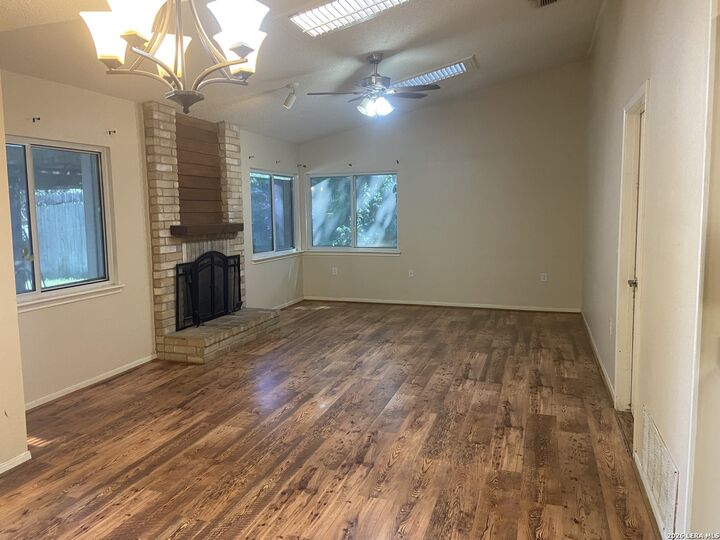Property Photo: 8558 Marathon TX 78148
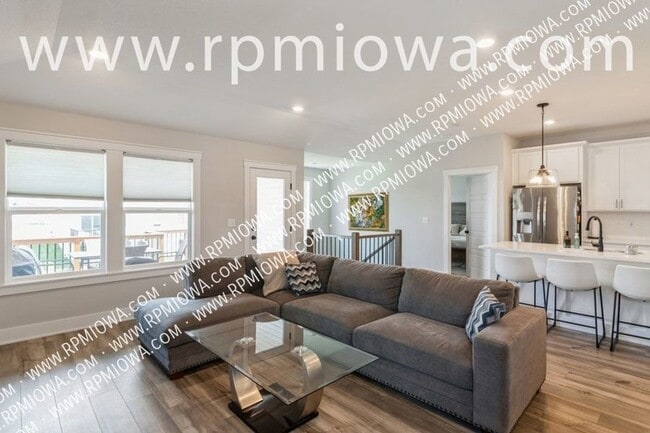 Foto del edificio - 217 NW Georgetown Dr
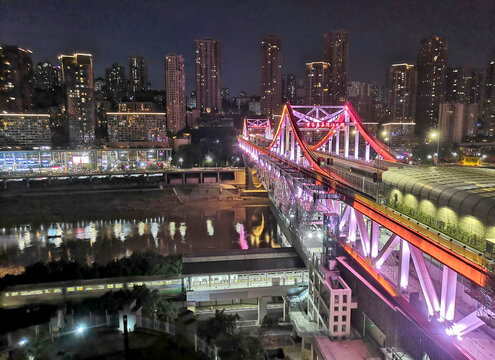 重庆北滨路曾家岩大桥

============================================================

◆ Work to complete:
Output the data above in full. Skip every picture.

◆ Answer for the task:
Property Photo: 8558 Marathon TX 78148
 Foto del edificio - 217 NW Georgetown Dr
 重庆北滨路曾家岩大桥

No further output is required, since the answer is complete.